Friday, July 18, 2008

The Boys I Have Dated (Pre-L.A.)

This is part of an on-going journal I've kept in honor of a famous Craigslist posting entitled, "The Girls I've Dated". It's long and I'm going to break it up into sections. I'll probably piss some people off, so I'm going to do a little censoring.

“You’re not my type! I’m sorry, but I don’t like good-looking, motivated, hard-working men. The last guy I dated didn’t have a car and lived in a cabin- in Los Angeles.”

As those words left my mouth and sat upon the ears of a sweet boy who has been desperately courting me for the past few months, it finally dawned on me why I’ve had such horrible experience dating.

#1- You were my first love. 2nd grade. You were brilliant then. I loved your glasses and your intellect. I still love boys with glasses. I desperately wanted you to kiss me, but you never would (seems to be a trend). I would try to coax you by drawing diagrams of you and I kissing. You sent me cards and gifts and every night I would read your cards and kiss them good night. Our unconsummated love affair ended in 4th grade. You are an archaeologist now like you always wanted to be. You're still brilliant and you're living with your girlfriend now in Philadelphia, I think. I saw you this summer after your dear father died. It hit me like a ton of bricks. Our childhood is gone.

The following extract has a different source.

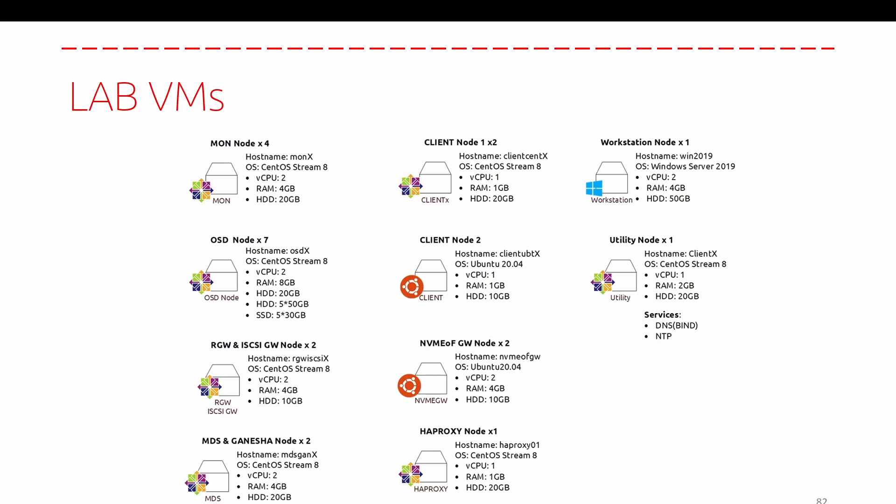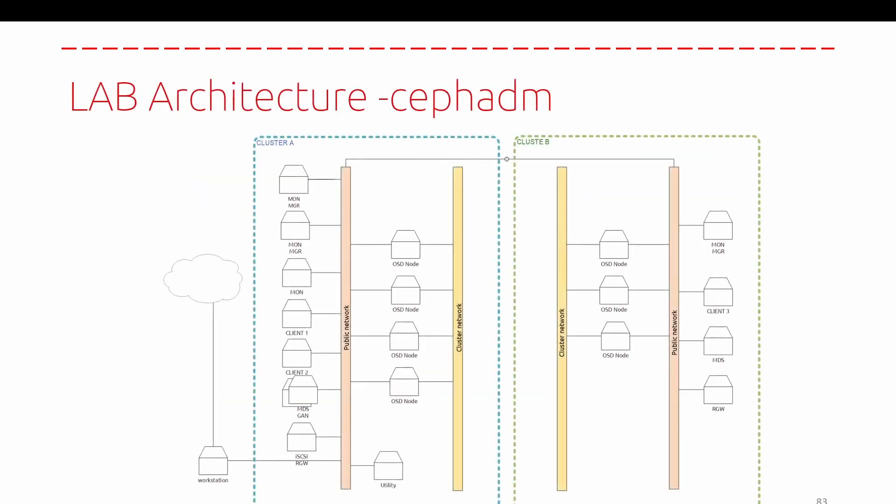The architectures that we have to deploy by the end of this course will be this. We have two clusters: cluster A and cluster B. The purpose of this one is to deploy Ceph FS mirroring and also RBD mirroring and to perform the data replication between the two sites. It will be very great things that we have to achieve.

#2- I'm sorry. My mother was scared that the divorce f'ed me up so she pushed me upon you. We were in tenth grade. All you wanted was to be loved. But then, you so desperately needed love and attention from everyone. I wasn't interested in you. You'd try to hold my hand and I would tense up and wanted to run away. Because of this, Mom thought I was maybe a lesbian. You kissed me and I thought it was slimy. If I ever thought someone from our class would bring a --- into a public area, I thought it would be you. You were intense. Since you are an actor, you over-dramatize everything and hated that I'm the one chick you couldn't charm the pants off of. You had no problem with girls but problems with -------. That's because you need to somehow justify your existence. Love yourself more. P.S. Ok, that was a little harsh. I'm sorry. I was going to lay into the whole Eastern philosophy thing you recently got into too, but I won't. I'm not sure where I was when I wrote that. You're getting married in a few weeks and I'm super happy for you. It looks like you've found your way. Congrats.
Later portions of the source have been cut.